Monday, February 13, 2017

The Georgia Computer Systems Protection Act, the Civil Suit and Punitive Damages

This post examines an opinion from the Supreme Court of Georgia:  Lyman v. Cellchem International, Inc., 2017 WL 279514 (2017).  The opinion issued in a civil case, but one that was brought under a “criminal” statute: the Georgia Computer Systems Protection Act.

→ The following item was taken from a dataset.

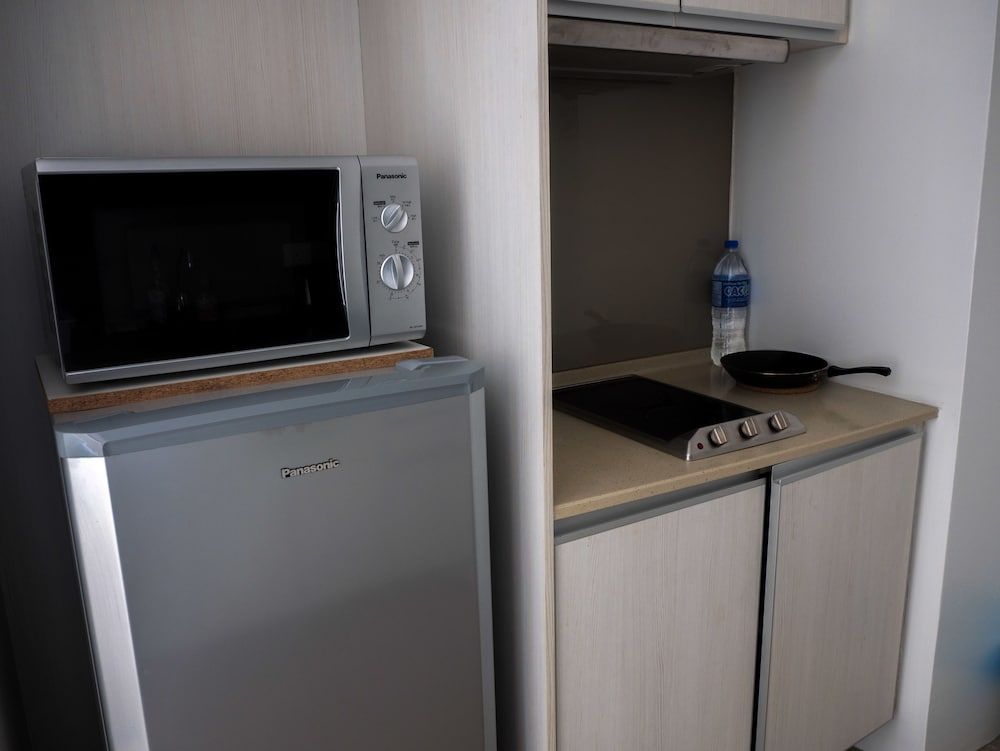 Wallace P Staycation Deluxe Room 8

The court begins the opinion, as courts usually do, by explaining how and why the litigation arose and what had gone in the trial court:
After Dale Lyman and his wife, Helen, left Cellchem International, Inc. (`Cellchem’) to work for a competitor, Cellchem sued the Lymans and two companies with which they had affiliated (collectively the `Lymans’), asserting claims for computer theft (see OCGA § 16–9–93 (a)) and computer trespass (see OCGA § 16–9–93 (b)) under the Georgia Computer Systems Protection Act (GCSPA) (see OCGA § 16–9–90 et seq.), breach of fiduciary duty, and tortious interference with business relations. Cellchem claimed that the Lymans stole data from Cellchem and used it to their competitive advantage. At trial, the jury found the Lymans liable on all claims asserted by Cellchem and awarded Cellchem compensatory damages and attorney fees, as well as punitive damages of $5.1 million. 

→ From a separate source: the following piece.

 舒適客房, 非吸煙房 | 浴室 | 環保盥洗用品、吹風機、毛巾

On appeal, the Court of Appeals reversed the judgment against the Lymans on the tortious interference claim. Lyman et al. v. Cellchem Int'l, LLC, 335 Ga.App. 266 (1), 779 S.E.2d 474 (2015). The Court of Appeals also remanded the case to the trial court for a new trial as to punitive damages, reasoning that, despite the fact that the tortious interference claim no longer existed to support a potential award for punitive damages, the remaining claims for breach of fiduciary duty and violations of the GCSPA could still support such a claim. Id. at 277 (4), 779 S.E.2d 474, citing Automated Drawing Systems, Inc. v. Integrated Network Svcs., Inc, 214 Ga.App. 122, 447 S.E.2d 109 (1994) (holding, in one sentence and without further reasoning, that punitive damages are available for violations of GCSPA involving misappropriation of software and withholding of royalties).

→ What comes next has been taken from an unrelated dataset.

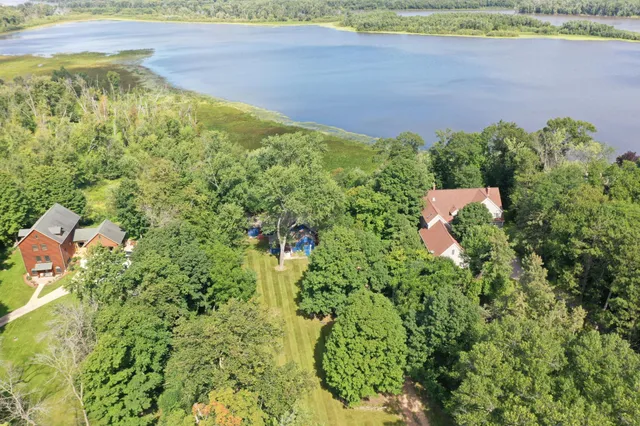 $895,000 | 29923 Lakeview Avenue, Red Wing, MN 55066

In this regard, because the verdict form at trial did not designate to which claims the punitive damages were assigned, or in what proportion, a new determination had to be made with regard to punitive damages that eliminated any consideration of damages associated with alleged tortious interference and focused only on the remaining tort claims upon which the Lymans had been found liable at trial. Id. at 276–77 (4), 779 S.E.2d 474. This Court granted the Lymans' petition for a writ of certiorari to determine whether the Court of Appeals erred in holding that the GCSPA can authorize an award of punitive damages. See OCGA § 16–9–93 (g).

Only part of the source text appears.